▶ Aim of the task: Starting with the line that contains "Droni hyri në", give again exactly and only each line through the end of the records; include the last line and exclude pictures.

Caption-style text data
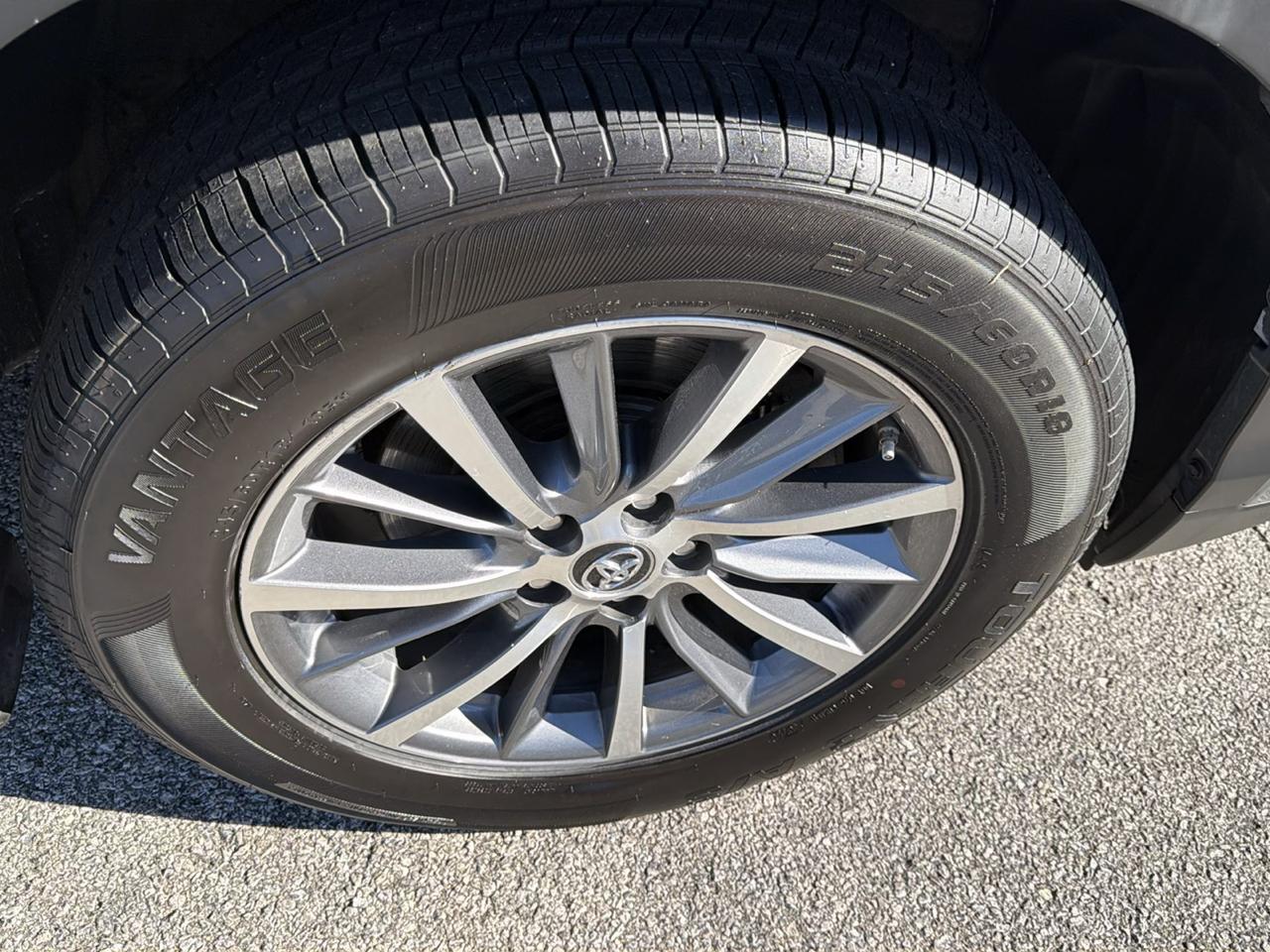 Toyota Highlander XLE V6 AWD (Natl) 2018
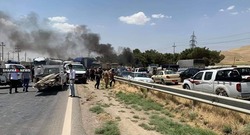 بالصور.. محتجون غاضبون يقطعون طريق السليمانية - كركوك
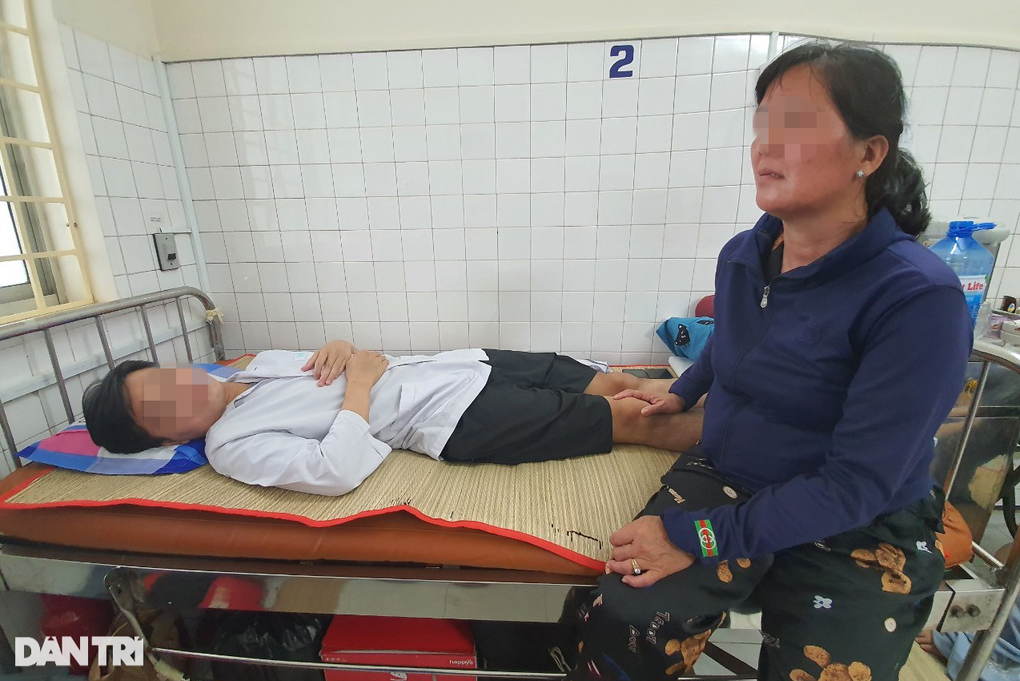 Đi 7 bệnh viện, chàng trai mới phát hiện mắc bệnh hiếm suýt phù não tử vong - 4 Đi 7 bệnh viện, chàng trai mới phát hiện mắc bệnh hiếm suýt phù não tử vong - 4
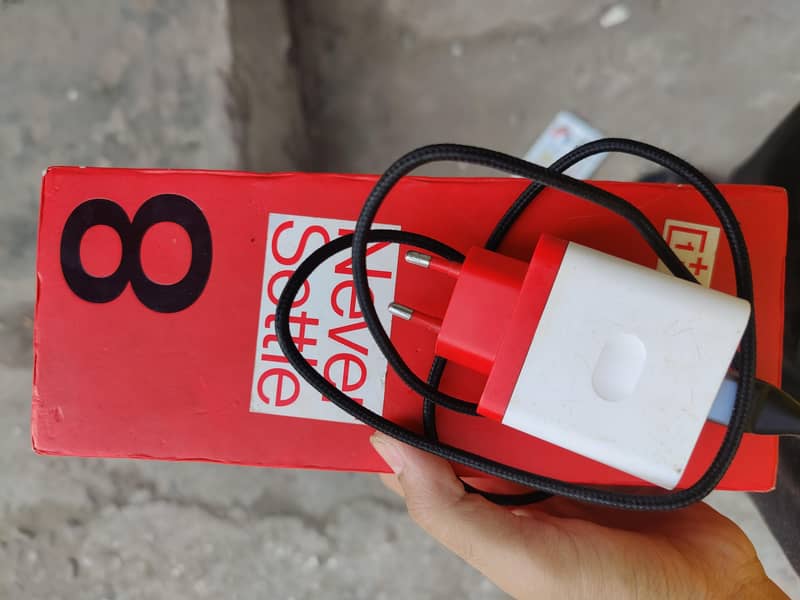 One Plus 8 Pro 0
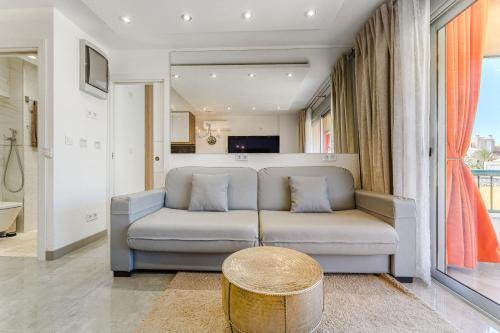 una sala de estar con un sofá y una mesa en Hermitage Homes TDS, en Playa de las Américas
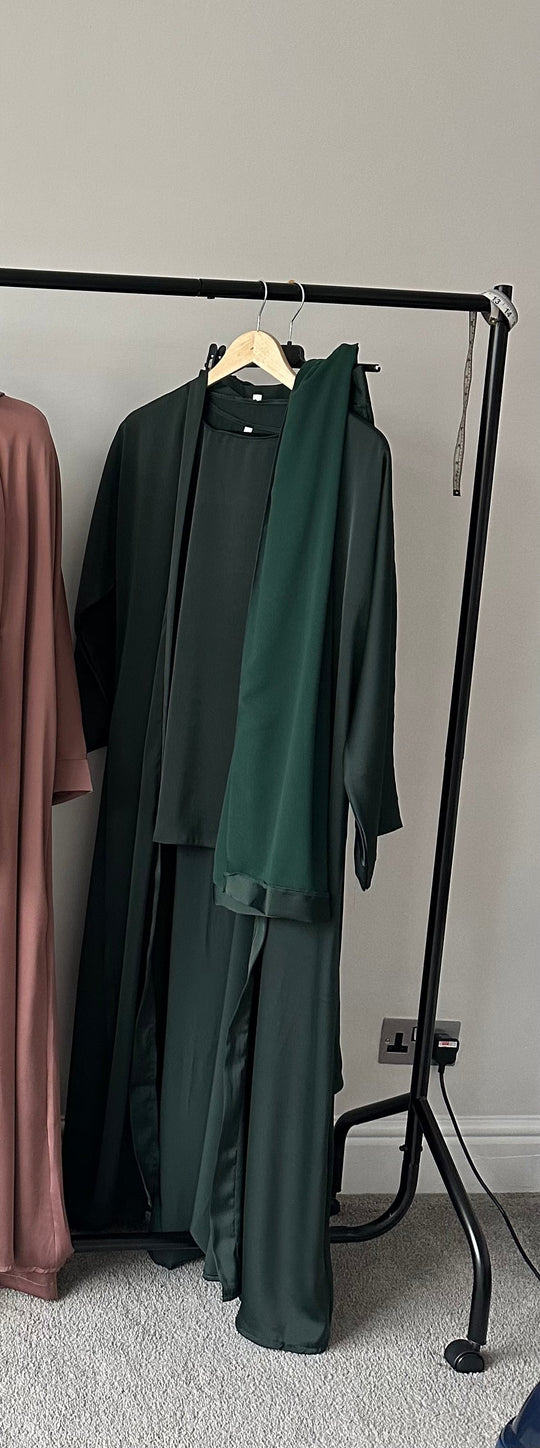 Satin kimono Abaya with Matching inner Coord Set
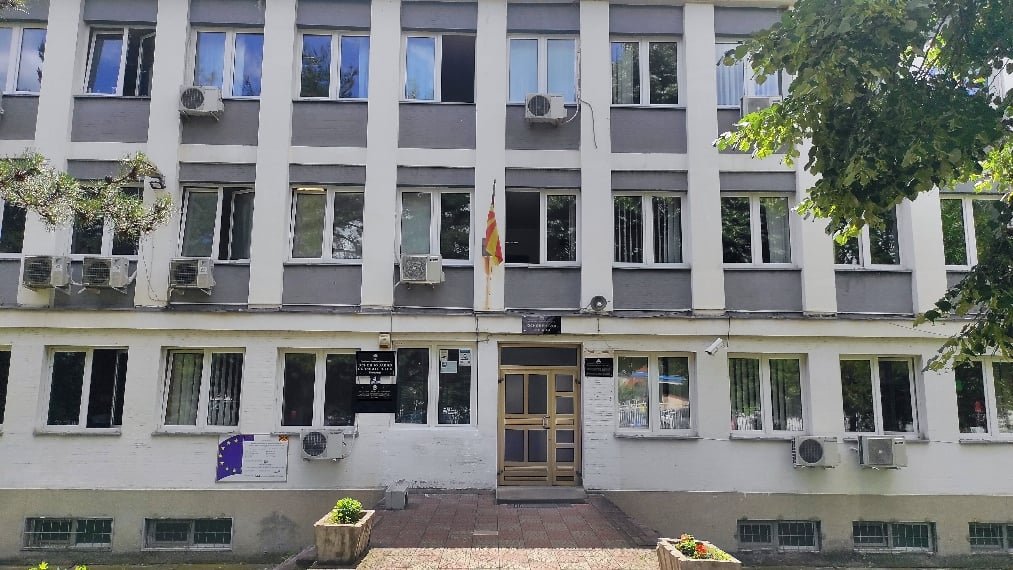 Droni hyri në një banesë dhe filmoi banorët teksa flinin   policia po e kërkon autorin
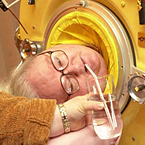 借助“铁肺”生活61年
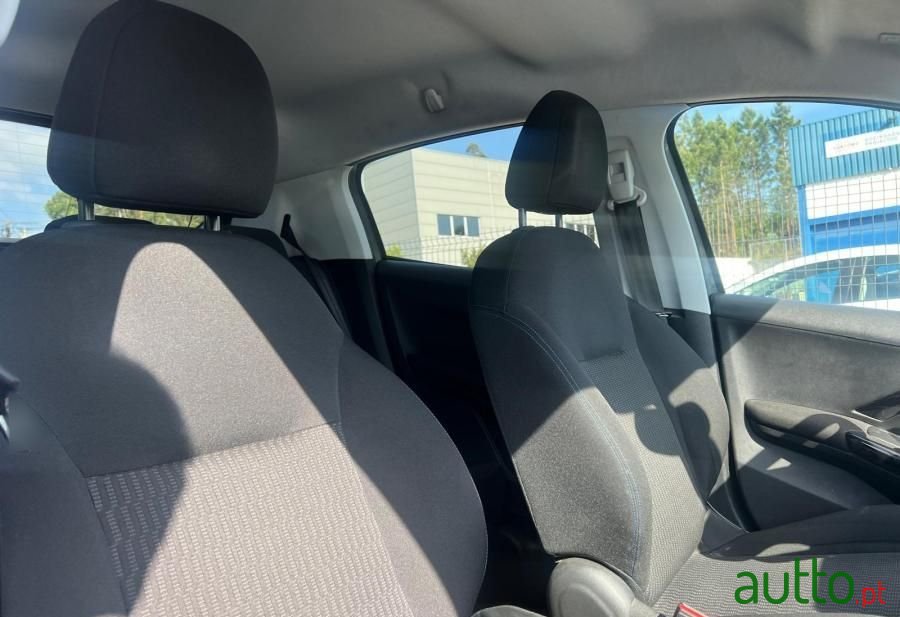 2019' Peugeot 208 photo #5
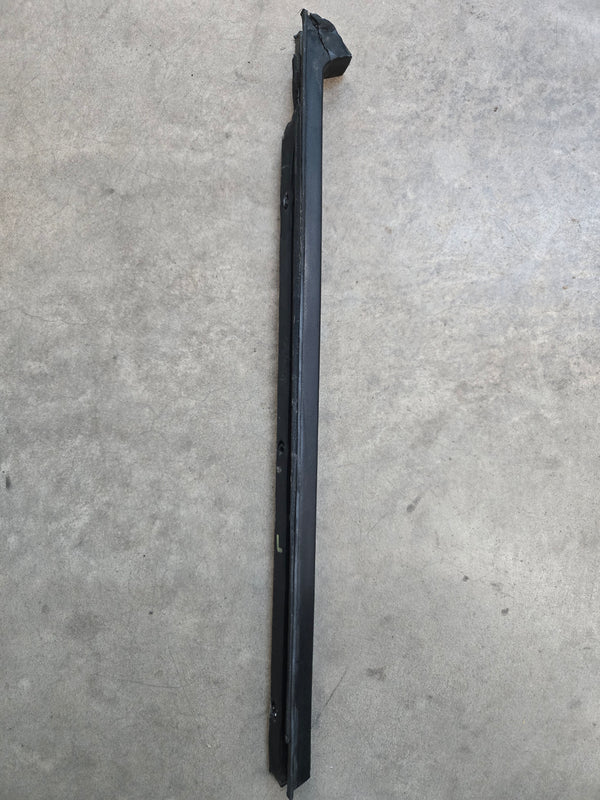 55176619AB Left Front Door Weatherstrip for Jeep Wrangler TJ (97-02)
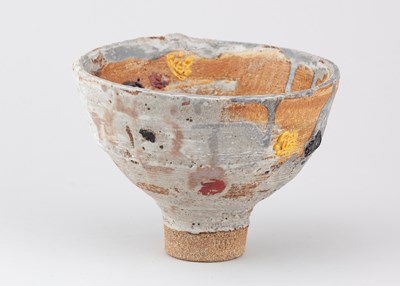 Lot 511 - ROBIN WELCH (1936-2019); a small stoneware...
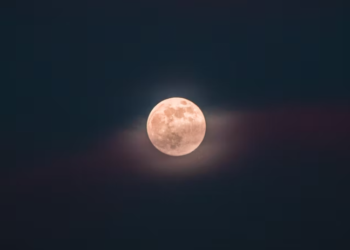 القمر العملاق و شهب Perseid تنير سماء كندا يوم غد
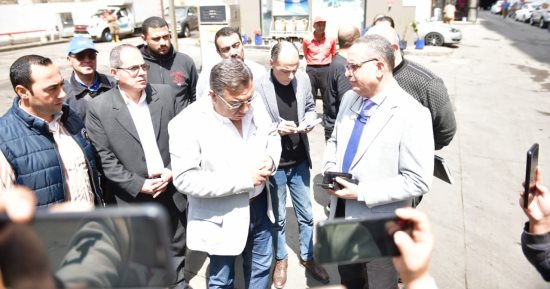 محافظ الدقهلية يتفقد محطات الوقود ومواقف السيارات للتأكد من تطبيق التعريفة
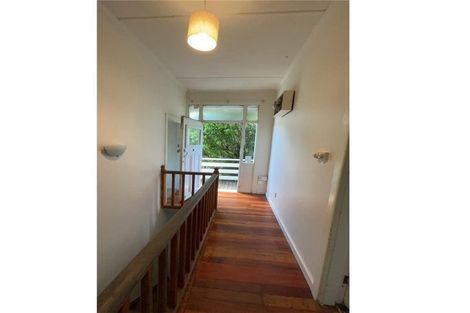 Photo of property in 37 Raroa Road, Kelburn, Wellington, 6012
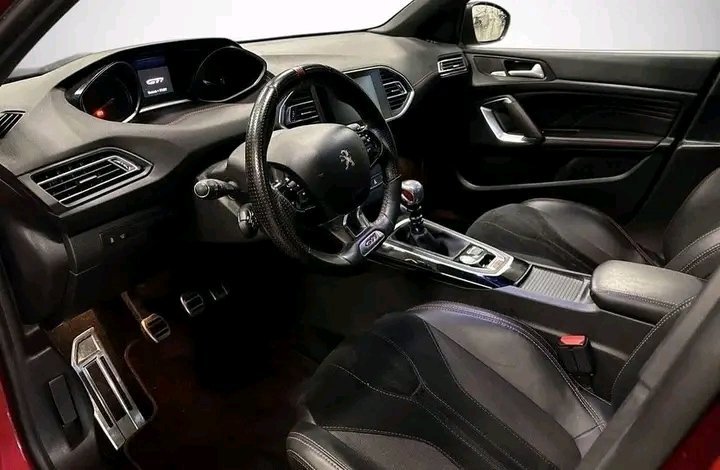 1000020212.jpg Peugeot 308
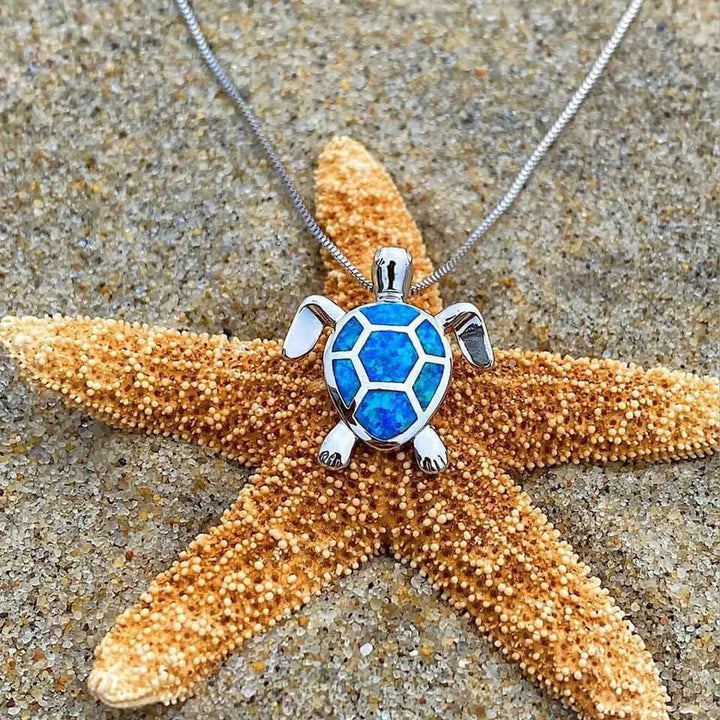 Conjunto de Collar y Pendientes de Tortuga Marina en Opalina y Plata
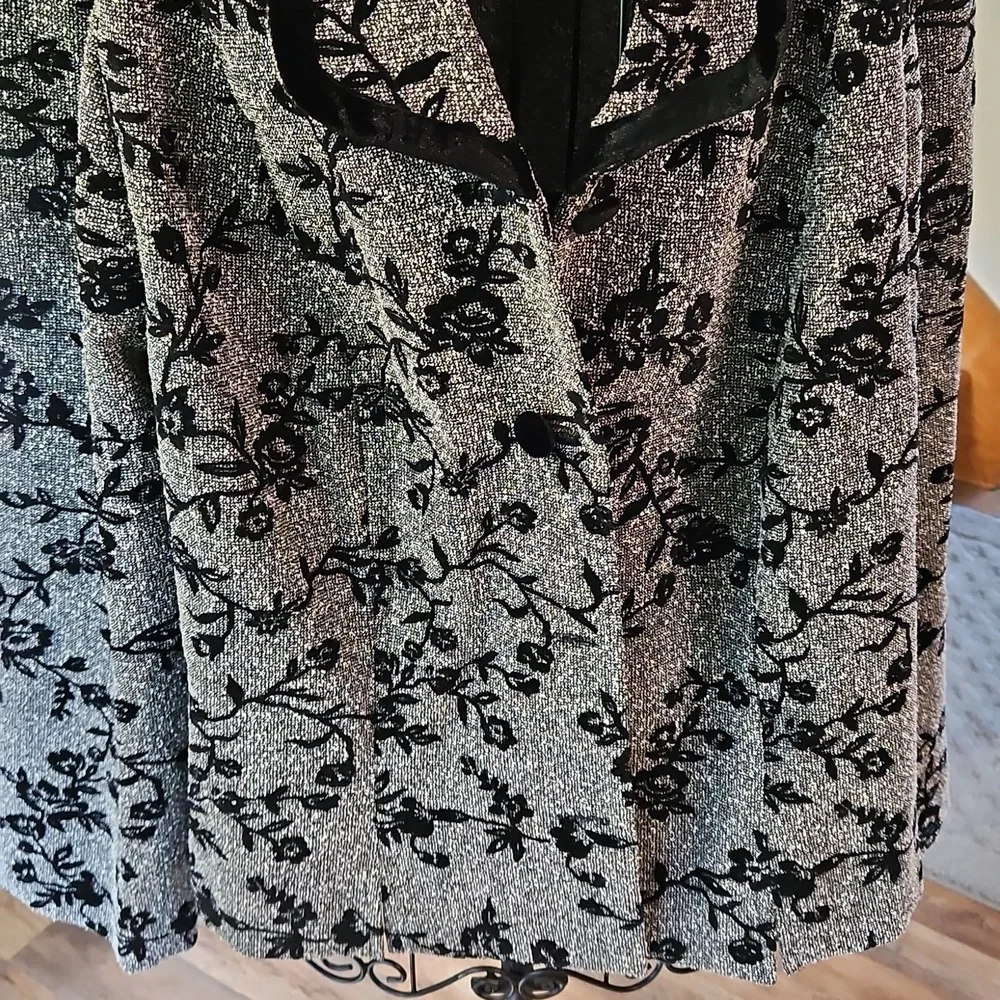 👚Sag Harbor Black and Gray Damask Blazer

▶ Written answer:
 Droni hyri në një banesë dhe filmoi banorët teksa flinin   policia po e kërkon autorin
 借助“铁肺”生活61年
 2019' Peugeot 208 photo #5
 55176619AB Left Front Door Weatherstrip for Jeep Wrangler TJ (97-02)
 Lot 511 - ROBIN WELCH (1936-2019); a small stoneware...
 القمر العملاق و شهب Perseid تنير سماء كندا يوم غد
 محافظ الدقهلية يتفقد محطات الوقود ومواقف السيارات للتأكد من تطبيق التعريفة
 Photo of property in 37 Raroa Road, Kelburn, Wellington, 6012
 1000020212.jpg Peugeot 308
 Conjunto de Collar y Pendientes de Tortuga Marina en Opalina y Plata
 👚Sag Harbor Black and Gray Damask Blazer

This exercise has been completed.